*Problem requirements*
Transcribe only the part of the material below that begins at the line containing "Lateral basal segment of left lung (#20703)" and ends at the line containing "ดักสาดน้ำกรด", with both kept and images left out.

*Dataset excerpts*
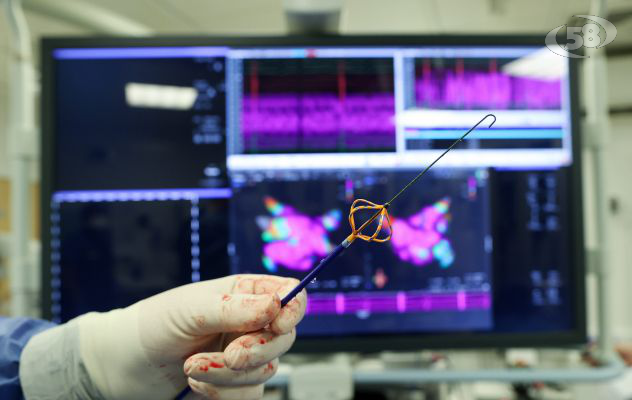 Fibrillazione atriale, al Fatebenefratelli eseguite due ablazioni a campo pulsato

...

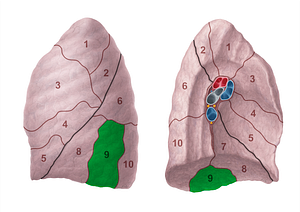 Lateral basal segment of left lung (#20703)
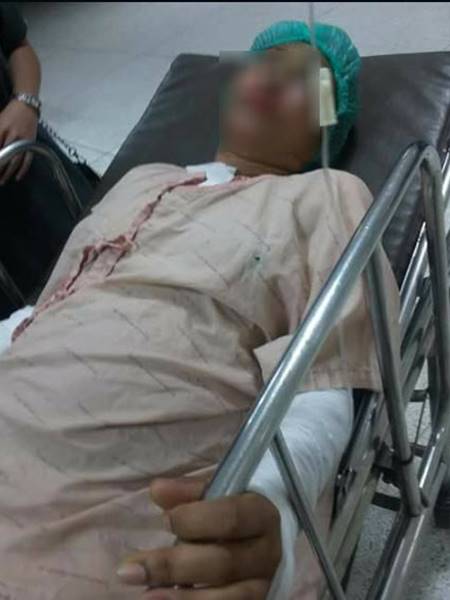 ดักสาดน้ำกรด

*Exercise solution*
 Lateral basal segment of left lung (#20703)
 ดักสาดน้ำกรด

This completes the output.